-- Opening Marker --

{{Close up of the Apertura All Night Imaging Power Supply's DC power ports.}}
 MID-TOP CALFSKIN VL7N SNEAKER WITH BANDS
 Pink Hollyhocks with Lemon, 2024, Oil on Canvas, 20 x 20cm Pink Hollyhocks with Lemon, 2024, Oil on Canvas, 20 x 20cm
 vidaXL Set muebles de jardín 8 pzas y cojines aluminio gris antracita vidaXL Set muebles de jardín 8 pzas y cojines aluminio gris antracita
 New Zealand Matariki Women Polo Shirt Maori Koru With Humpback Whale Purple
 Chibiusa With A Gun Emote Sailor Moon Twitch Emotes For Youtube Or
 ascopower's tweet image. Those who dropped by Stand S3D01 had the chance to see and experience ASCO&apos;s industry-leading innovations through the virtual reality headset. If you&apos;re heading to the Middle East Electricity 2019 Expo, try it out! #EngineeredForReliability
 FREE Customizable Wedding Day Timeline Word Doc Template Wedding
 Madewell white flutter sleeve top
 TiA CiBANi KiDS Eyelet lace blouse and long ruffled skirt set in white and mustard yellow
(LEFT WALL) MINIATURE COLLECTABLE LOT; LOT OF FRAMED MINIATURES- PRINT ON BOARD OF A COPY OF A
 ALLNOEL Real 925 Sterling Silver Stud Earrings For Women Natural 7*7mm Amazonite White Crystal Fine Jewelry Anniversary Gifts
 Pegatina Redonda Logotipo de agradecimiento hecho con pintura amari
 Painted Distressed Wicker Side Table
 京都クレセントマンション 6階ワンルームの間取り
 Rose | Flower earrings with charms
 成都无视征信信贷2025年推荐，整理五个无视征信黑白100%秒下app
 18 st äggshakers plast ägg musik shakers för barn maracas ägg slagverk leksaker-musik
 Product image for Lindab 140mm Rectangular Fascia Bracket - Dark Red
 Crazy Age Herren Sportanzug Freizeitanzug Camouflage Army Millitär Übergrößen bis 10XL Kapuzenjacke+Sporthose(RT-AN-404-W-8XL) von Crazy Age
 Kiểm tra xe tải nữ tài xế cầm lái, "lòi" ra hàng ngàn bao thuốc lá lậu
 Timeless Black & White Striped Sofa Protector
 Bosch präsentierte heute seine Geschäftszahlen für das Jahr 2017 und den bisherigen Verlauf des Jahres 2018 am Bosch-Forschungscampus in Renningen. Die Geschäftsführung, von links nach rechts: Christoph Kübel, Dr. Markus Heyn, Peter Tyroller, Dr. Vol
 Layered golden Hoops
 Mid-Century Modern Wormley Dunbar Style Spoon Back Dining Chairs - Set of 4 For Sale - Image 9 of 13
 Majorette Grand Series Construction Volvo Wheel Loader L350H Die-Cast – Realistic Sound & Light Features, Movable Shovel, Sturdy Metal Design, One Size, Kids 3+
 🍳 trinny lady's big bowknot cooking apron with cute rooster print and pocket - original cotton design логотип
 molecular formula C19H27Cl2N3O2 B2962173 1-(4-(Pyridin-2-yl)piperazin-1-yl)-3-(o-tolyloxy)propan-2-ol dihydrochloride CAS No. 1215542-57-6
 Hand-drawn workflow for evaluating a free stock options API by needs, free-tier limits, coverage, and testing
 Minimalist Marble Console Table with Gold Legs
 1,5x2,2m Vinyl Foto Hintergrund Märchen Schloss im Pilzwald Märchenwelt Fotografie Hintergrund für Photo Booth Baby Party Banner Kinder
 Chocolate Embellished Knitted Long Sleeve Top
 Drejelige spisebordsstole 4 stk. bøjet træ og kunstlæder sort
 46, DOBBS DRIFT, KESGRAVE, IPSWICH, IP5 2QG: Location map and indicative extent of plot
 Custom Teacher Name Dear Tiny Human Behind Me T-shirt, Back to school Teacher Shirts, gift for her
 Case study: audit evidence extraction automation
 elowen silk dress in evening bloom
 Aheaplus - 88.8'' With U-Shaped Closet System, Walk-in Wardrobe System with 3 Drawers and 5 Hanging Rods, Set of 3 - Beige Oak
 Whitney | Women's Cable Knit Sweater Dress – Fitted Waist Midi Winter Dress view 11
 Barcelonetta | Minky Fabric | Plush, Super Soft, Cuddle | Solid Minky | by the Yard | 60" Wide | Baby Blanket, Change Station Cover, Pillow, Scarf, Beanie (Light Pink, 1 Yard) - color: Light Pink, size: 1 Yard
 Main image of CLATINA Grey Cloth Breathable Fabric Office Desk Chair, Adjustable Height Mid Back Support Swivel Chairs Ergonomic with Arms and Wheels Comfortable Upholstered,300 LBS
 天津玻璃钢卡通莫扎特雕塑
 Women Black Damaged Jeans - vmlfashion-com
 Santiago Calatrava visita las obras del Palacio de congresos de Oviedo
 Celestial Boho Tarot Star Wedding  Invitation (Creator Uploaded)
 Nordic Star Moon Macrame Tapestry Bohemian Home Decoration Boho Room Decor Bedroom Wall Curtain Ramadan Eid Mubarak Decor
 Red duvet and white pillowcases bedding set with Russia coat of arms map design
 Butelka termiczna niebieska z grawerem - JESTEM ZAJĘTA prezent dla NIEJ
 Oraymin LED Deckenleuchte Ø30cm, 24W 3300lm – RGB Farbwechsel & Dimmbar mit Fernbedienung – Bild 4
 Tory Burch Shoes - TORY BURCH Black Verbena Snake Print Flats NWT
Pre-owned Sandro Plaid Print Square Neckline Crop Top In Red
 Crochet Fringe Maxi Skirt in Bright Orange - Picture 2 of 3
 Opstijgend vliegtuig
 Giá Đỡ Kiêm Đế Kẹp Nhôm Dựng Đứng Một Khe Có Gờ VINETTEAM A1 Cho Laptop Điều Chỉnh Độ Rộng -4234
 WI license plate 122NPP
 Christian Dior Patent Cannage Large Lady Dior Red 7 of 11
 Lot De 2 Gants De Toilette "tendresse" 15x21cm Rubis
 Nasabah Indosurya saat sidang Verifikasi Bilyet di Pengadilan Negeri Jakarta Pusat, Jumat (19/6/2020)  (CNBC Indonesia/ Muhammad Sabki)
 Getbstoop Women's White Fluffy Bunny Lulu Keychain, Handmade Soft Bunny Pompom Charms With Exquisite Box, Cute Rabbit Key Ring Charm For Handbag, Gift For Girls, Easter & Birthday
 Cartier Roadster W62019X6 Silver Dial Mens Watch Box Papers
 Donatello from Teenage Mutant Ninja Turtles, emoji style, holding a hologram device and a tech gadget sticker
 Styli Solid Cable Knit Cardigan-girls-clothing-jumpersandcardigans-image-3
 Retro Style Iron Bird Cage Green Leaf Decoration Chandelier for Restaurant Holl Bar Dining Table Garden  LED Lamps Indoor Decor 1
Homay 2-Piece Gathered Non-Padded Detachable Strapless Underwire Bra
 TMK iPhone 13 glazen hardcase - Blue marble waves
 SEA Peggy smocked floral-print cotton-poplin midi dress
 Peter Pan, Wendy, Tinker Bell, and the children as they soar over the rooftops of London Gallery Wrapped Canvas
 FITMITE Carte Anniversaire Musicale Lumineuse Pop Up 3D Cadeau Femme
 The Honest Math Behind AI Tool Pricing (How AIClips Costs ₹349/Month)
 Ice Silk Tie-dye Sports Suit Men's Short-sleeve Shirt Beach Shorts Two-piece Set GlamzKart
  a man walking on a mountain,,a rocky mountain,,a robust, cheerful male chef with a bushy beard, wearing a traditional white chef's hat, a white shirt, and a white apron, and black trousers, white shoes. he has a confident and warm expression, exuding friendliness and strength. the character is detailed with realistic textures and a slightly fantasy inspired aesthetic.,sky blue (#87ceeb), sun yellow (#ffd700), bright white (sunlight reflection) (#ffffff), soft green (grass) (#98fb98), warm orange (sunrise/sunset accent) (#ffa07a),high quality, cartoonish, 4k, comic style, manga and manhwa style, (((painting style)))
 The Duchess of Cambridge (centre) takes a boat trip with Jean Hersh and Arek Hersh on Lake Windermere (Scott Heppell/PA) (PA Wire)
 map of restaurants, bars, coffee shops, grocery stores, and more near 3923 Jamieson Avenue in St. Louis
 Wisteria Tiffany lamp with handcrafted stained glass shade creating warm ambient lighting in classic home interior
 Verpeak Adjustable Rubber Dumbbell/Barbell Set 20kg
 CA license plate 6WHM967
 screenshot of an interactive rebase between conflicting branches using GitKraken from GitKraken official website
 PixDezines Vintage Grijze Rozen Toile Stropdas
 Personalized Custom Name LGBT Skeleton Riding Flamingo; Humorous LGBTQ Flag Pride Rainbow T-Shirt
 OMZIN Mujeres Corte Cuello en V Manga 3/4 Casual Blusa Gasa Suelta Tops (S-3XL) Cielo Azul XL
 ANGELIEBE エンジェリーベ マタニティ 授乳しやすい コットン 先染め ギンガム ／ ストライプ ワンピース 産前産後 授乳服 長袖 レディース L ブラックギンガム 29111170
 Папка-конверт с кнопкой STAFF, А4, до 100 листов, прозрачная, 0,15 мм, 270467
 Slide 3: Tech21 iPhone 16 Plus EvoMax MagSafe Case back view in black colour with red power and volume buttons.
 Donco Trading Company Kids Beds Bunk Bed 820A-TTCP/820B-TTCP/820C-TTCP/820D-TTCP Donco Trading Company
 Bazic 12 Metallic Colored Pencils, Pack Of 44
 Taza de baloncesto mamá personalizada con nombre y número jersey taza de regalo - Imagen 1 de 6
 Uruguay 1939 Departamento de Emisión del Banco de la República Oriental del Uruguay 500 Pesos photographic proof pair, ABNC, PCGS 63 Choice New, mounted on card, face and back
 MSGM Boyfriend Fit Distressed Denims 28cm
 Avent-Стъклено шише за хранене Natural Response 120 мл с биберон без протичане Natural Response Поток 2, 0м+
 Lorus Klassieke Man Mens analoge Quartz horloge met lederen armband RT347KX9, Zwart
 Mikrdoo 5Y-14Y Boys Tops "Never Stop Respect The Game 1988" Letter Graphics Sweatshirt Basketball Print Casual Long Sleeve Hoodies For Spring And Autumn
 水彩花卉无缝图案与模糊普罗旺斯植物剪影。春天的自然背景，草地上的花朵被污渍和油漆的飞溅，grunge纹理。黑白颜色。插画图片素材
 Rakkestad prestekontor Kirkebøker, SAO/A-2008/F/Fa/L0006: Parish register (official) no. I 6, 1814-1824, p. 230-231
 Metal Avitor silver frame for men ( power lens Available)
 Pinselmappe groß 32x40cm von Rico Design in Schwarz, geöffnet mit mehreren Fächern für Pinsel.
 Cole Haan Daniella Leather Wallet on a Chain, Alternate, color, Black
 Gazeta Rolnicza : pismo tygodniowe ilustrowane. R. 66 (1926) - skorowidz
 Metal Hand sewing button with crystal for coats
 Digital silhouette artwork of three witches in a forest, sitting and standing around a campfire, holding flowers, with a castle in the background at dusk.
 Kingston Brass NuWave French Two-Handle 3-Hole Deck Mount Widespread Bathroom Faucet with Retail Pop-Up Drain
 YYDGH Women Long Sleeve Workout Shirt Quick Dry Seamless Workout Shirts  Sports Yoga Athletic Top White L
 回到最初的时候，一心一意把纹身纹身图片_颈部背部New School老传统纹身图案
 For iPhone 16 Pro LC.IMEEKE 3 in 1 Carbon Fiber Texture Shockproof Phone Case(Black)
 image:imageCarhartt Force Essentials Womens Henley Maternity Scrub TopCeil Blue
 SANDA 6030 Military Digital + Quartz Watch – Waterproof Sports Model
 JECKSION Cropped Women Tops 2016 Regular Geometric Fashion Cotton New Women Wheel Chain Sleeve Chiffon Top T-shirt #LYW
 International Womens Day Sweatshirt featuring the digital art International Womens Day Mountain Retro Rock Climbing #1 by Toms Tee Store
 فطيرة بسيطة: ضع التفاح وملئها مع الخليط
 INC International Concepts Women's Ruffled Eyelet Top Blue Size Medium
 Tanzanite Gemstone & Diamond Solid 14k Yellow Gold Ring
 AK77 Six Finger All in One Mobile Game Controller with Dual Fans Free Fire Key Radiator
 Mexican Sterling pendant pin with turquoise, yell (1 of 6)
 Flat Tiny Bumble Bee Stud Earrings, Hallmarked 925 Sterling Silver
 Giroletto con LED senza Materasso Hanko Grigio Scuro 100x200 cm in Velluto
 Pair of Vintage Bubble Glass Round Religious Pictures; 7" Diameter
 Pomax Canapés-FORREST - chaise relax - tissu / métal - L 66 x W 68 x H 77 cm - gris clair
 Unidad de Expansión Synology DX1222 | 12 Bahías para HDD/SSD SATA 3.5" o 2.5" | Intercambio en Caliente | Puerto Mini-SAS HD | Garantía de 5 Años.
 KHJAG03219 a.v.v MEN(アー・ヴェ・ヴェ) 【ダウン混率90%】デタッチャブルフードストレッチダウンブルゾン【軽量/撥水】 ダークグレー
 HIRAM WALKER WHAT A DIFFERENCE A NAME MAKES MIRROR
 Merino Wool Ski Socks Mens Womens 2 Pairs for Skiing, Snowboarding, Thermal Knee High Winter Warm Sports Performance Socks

-- Closing Marker --

## TASK DESCRIPTION
Copy, exactly and only, the lines above that begin with the one containing "Rose | Flower earrings with charms" and finish with the one containing "Custom Teacher Name".

## WRITTEN ANSWER
 Rose | Flower earrings with charms
 成都无视征信信贷2025年推荐，整理五个无视征信黑白100%秒下app
 18 st äggshakers plast ägg musik shakers för barn maracas ägg slagverk leksaker-musik
 Product image for Lindab 140mm Rectangular Fascia Bracket - Dark Red
 Crazy Age Herren Sportanzug Freizeitanzug Camouflage Army Millitär Übergrößen bis 10XL Kapuzenjacke+Sporthose(RT-AN-404-W-8XL) von Crazy Age
 Kiểm tra xe tải nữ tài xế cầm lái, "lòi" ra hàng ngàn bao thuốc lá lậu
 Timeless Black & White Striped Sofa Protector
 Bosch präsentierte heute seine Geschäftszahlen für das Jahr 2017 und den bisherigen Verlauf des Jahres 2018 am Bosch-Forschungscampus in Renningen. Die Geschäftsführung, von links nach rechts: Christoph Kübel, Dr. Markus Heyn, Peter Tyroller, Dr. Vol
 Layered golden Hoops
 Mid-Century Modern Wormley Dunbar Style Spoon Back Dining Chairs - Set of 4 For Sale - Image 9 of 13
 Majorette Grand Series Construction Volvo Wheel Loader L350H Die-Cast – Realistic Sound & Light Features, Movable Shovel, Sturdy Metal Design, One Size, Kids 3+
 🍳 trinny lady's big bowknot cooking apron with cute rooster print and pocket - original cotton design логотип
 molecular formula C19H27Cl2N3O2 B2962173 1-(4-(Pyridin-2-yl)piperazin-1-yl)-3-(o-tolyloxy)propan-2-ol dihydrochloride CAS No. 1215542-57-6
 Hand-drawn workflow for evaluating a free stock options API by needs, free-tier limits, coverage, and testing
 Minimalist Marble Console Table with Gold Legs
 1,5x2,2m Vinyl Foto Hintergrund Märchen Schloss im Pilzwald Märchenwelt Fotografie Hintergrund für Photo Booth Baby Party Banner Kinder
 Chocolate Embellished Knitted Long Sleeve Top
 Drejelige spisebordsstole 4 stk. bøjet træ og kunstlæder sort
 46, DOBBS DRIFT, KESGRAVE, IPSWICH, IP5 2QG: Location map and indicative extent of plot
 Custom Teacher Name Dear Tiny Human Behind Me T-shirt, Back to school Teacher Shirts, gift for her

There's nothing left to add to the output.